12,792 candidates appeared for the CSS 2025 compulsory papers out of 18,139 who applied, and they are the same cohort that went on to sit every optional subject. These papers are no formality, and the passing rules are stricter than on the optional side: each compulsory paper must clear 40% rather than the 33% that applies to optionals, and the three General Knowledge papers are judged together, requiring a combined 120 out of 300 to pass. Measured against that 40% bar, only one of the six papers has an average candidate above the line, which is why compulsory performance, far more than optional subject choice, is what keeps most candidates out of the final allocation.

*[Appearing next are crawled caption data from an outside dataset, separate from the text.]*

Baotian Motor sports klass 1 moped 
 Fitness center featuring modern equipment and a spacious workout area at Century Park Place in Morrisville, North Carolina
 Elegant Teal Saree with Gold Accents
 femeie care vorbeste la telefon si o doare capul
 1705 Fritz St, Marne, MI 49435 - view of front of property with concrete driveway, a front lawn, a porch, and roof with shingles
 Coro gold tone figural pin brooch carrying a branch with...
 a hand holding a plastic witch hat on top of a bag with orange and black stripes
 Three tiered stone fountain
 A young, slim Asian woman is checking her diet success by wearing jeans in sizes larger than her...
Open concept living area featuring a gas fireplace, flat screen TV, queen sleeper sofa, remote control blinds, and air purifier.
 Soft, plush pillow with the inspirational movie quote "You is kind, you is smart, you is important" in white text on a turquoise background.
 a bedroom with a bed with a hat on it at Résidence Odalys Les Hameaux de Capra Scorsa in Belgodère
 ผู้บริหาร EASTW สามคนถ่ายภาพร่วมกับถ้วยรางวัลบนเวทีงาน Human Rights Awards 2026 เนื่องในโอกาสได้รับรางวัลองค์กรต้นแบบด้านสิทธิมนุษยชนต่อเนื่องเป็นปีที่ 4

Orange = above 40% pass threshold · Red = below threshold
Read against the 40% compulsory threshold, the picture is sobering. GK-III is the only paper where the average candidate clears the bar comfortably, with a mean of 47.9%. Every other paper falls short: GK-II sits just below at 38.9%, GK-I at 32.2%, English at 32.1%, Islamiat at 30.3%, and Essay lowest of all at 26.1%. The three General Knowledge papers matter most here because they are aggregated. Their combined mean works out to roughly 118.9 out of 300, which lands just under the 120-mark combined pass requirement, so the average candidate fails the GK component by a single mark even though GK-III alone looks healthy. Essay remains the single most damaging paper, with a mean almost 14 points beneath the threshold on a paper that carries a full 100 marks.
Error bars show ±1 standard deviation
Standard deviation adds the nuance that the means alone hide. GK-III pairs the highest mean (47.9%) with the widest spread (14.1 percentage points), so the field is genuinely open: strong candidates pull well past 60% while weaker ones drop below 40%. That spread is also what rescues many candidates on the combined GK total, since a high GK-III score can pull a thin GK-I and GK-II up toward the 120 line. Essay tells the opposite story. A std dev of 10.2 points on a 26.1% mean means that even a candidate scoring a full standard deviation above average reaches only about 36%, still short of the 40% pass mark. English is the most predictable paper, its tight 7.2-point spread reflecting a stable scoring floor and ceiling that leaves little room to either gain or lose ground.
↓ 29% lost from applied
↓ 97% lost from appeared
↓ 52% lost from written pass
The funnel from application to allocation is brutally narrow. Of the 18,139 who applied, 12,792 actually sat the exam, so roughly 29% never appeared at all. From that field of nearly thirteen thousand, only 355 cleared the written stage, a written pass rate of about 2.8%, and just 170 of those were finally allocated a seat. That last step matters more than aspirants expect: even among the small group who pass the written exam, fewer than half go on to an allocation. The headline figure is stark, with only 1.33% of candidates who sat the papers ending up with a service, which reframes the compulsory papers as the first and steepest of several cliffs rather than a routine hurdle.
The gender story runs against the usual assumptions. The field starts male-tilted, with men making up about 57% of applicants, and that edge persists into the appeared stage at 55%. From there it closes steadily. Among the 355 who cleared the written exam the split was almost exactly even, 178 men to 177 women, and at the final allocation stage women actually moved ahead, taking 86 of the 170 seats to the men's 84. In other words, although fewer women enter the process, those who do convert through each stage at a higher rate, ending in a slight female majority among the allocated. The compulsory papers, whatever else they filter, do not filter by gender.
Provincial origin shapes outcomes through the regional allocation quota, and the data shows the tension plainly. Punjab dominates the raw numbers, with 6,977 candidates appearing, well over half the national field, yet it converts written-pass candidates into seats at just 38%, the lowest rate of any domicile. The smaller provinces sit at the opposite end: Azad Kashmir and Ex-FATA converted every one of their written passes into a seat, and Khyber Pakhtunkhwa, Balochistan, Sindh Rural, and Sindh Urban all cleared 80% or more. The pattern is a direct consequence of the quota system, which reserves a fixed share of seats for each region, so a qualifier from a low-volume province faces far less internal competition for those seats than an equally capable candidate from Punjab.
The compulsory papers decide whether a candidate's optional performance is ever weighed at all, and the 40% individual bar plus the 120-of-300 combined GK rule makes that gate narrower than most aspirants assume. A candidate sitting at 36% on Essay is short by roughly 4 marks that no optional subject can recover, and a GK aggregate near 119 fails the whole component by a hair. The funnel beyond it is just as unforgiving, with barely 1.33% of those who sat the papers reaching allocation, and where a candidate is domiciled materially changes the odds at the final step. Any serious preparation plan should therefore secure Essay, English, and the GK papers against these thresholds first, understand the quota maths for one's own province, and only then optimise optional subject selection.